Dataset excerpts
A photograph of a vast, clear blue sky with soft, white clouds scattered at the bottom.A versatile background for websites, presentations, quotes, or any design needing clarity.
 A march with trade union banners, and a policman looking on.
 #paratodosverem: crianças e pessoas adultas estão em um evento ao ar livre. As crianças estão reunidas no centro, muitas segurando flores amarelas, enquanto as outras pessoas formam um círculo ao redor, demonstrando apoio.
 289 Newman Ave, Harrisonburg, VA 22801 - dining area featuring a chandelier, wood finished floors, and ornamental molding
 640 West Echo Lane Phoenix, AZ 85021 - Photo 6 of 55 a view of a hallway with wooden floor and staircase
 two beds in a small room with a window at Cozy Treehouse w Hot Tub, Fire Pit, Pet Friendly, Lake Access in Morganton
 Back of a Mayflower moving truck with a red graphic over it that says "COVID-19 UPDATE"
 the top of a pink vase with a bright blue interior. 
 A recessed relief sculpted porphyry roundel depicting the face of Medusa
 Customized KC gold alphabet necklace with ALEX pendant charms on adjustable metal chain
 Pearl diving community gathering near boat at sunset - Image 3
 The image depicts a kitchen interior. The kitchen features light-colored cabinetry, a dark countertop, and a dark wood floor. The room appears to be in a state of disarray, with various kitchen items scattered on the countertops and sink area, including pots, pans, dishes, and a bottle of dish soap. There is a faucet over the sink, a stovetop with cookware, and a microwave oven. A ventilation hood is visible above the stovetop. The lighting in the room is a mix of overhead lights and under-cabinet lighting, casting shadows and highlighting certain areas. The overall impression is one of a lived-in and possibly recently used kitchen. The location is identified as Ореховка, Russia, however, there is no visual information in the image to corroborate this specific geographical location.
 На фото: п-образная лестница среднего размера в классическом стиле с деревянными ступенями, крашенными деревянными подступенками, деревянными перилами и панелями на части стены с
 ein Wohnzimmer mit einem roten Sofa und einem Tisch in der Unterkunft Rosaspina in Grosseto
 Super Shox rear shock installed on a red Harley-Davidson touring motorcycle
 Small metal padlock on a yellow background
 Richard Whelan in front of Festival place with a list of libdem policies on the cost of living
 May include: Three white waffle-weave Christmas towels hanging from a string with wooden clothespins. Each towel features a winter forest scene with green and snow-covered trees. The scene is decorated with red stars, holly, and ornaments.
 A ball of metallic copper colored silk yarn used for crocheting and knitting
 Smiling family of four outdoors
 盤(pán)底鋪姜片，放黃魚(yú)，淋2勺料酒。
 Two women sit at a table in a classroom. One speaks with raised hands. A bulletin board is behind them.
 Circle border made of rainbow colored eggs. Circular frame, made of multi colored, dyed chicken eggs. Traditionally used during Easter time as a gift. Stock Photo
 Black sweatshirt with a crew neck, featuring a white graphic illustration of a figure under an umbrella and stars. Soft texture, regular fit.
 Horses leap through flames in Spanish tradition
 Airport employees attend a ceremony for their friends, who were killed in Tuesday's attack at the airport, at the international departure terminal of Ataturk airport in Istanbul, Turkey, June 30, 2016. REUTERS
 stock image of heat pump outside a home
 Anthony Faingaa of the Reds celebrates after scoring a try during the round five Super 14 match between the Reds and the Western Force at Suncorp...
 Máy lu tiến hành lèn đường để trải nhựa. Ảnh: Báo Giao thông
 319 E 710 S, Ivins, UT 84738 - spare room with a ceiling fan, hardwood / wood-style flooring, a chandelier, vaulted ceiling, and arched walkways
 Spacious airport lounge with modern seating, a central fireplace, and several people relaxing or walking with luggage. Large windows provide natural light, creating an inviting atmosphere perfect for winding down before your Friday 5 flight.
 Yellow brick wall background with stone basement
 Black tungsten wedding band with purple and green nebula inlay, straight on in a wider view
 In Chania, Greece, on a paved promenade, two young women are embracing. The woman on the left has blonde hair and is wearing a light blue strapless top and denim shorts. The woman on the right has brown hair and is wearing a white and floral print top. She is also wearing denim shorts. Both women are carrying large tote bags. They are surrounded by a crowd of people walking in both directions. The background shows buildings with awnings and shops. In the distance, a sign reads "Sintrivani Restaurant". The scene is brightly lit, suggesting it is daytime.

THE PROBLEM: Type out the records above again, exactly the same.

RESPONSE TO THIS EXERCISE:
A photograph of a vast, clear blue sky with soft, white clouds scattered at the bottom.A versatile background for websites, presentations, quotes, or any design needing clarity.
 A march with trade union banners, and a policman looking on.
 #paratodosverem: crianças e pessoas adultas estão em um evento ao ar livre. As crianças estão reunidas no centro, muitas segurando flores amarelas, enquanto as outras pessoas formam um círculo ao redor, demonstrando apoio.
 289 Newman Ave, Harrisonburg, VA 22801 - dining area featuring a chandelier, wood finished floors, and ornamental molding
 640 West Echo Lane Phoenix, AZ 85021 - Photo 6 of 55 a view of a hallway with wooden floor and staircase
 two beds in a small room with a window at Cozy Treehouse w Hot Tub, Fire Pit, Pet Friendly, Lake Access in Morganton
 Back of a Mayflower moving truck with a red graphic over it that says "COVID-19 UPDATE"
 the top of a pink vase with a bright blue interior. 
 A recessed relief sculpted porphyry roundel depicting the face of Medusa
 Customized KC gold alphabet necklace with ALEX pendant charms on adjustable metal chain
 Pearl diving community gathering near boat at sunset - Image 3
 The image depicts a kitchen interior. The kitchen features light-colored cabinetry, a dark countertop, and a dark wood floor. The room appears to be in a state of disarray, with various kitchen items scattered on the countertops and sink area, including pots, pans, dishes, and a bottle of dish soap. There is a faucet over the sink, a stovetop with cookware, and a microwave oven. A ventilation hood is visible above the stovetop. The lighting in the room is a mix of overhead lights and under-cabinet lighting, casting shadows and highlighting certain areas. The overall impression is one of a lived-in and possibly recently used kitchen. The location is identified as Ореховка, Russia, however, there is no visual information in the image to corroborate this specific geographical location.
 На фото: п-образная лестница среднего размера в классическом стиле с деревянными ступенями, крашенными деревянными подступенками, деревянными перилами и панелями на части стены с
 ein Wohnzimmer mit einem roten Sofa und einem Tisch in der Unterkunft Rosaspina in Grosseto
 Super Shox rear shock installed on a red Harley-Davidson touring motorcycle
 Small metal padlock on a yellow background
 Richard Whelan in front of Festival place with a list of libdem policies on the cost of living
 May include: Three white waffle-weave Christmas towels hanging from a string with wooden clothespins. Each towel features a winter forest scene with green and snow-covered trees. The scene is decorated with red stars, holly, and ornaments.
 A ball of metallic copper colored silk yarn used for crocheting and knitting
 Smiling family of four outdoors
 盤(pán)底鋪姜片，放黃魚(yú)，淋2勺料酒。
 Two women sit at a table in a classroom. One speaks with raised hands. A bulletin board is behind them.
 Circle border made of rainbow colored eggs. Circular frame, made of multi colored, dyed chicken eggs. Traditionally used during Easter time as a gift. Stock Photo
 Black sweatshirt with a crew neck, featuring a white graphic illustration of a figure under an umbrella and stars. Soft texture, regular fit.
 Horses leap through flames in Spanish tradition
 Airport employees attend a ceremony for their friends, who were killed in Tuesday's attack at the airport, at the international departure terminal of Ataturk airport in Istanbul, Turkey, June 30, 2016. REUTERS
 stock image of heat pump outside a home
 Anthony Faingaa of the Reds celebrates after scoring a try during the round five Super 14 match between the Reds and the Western Force at Suncorp...
 Máy lu tiến hành lèn đường để trải nhựa. Ảnh: Báo Giao thông
 319 E 710 S, Ivins, UT 84738 - spare room with a ceiling fan, hardwood / wood-style flooring, a chandelier, vaulted ceiling, and arched walkways
 Spacious airport lounge with modern seating, a central fireplace, and several people relaxing or walking with luggage. Large windows provide natural light, creating an inviting atmosphere perfect for winding down before your Friday 5 flight.
 Yellow brick wall background with stone basement
 Black tungsten wedding band with purple and green nebula inlay, straight on in a wider view
 In Chania, Greece, on a paved promenade, two young women are embracing. The woman on the left has blonde hair and is wearing a light blue strapless top and denim shorts. The woman on the right has brown hair and is wearing a white and floral print top. She is also wearing denim shorts. Both women are carrying large tote bags. They are surrounded by a crowd of people walking in both directions. The background shows buildings with awnings and shops. In the distance, a sign reads "Sintrivani Restaurant". The scene is brightly lit, suggesting it is daytime.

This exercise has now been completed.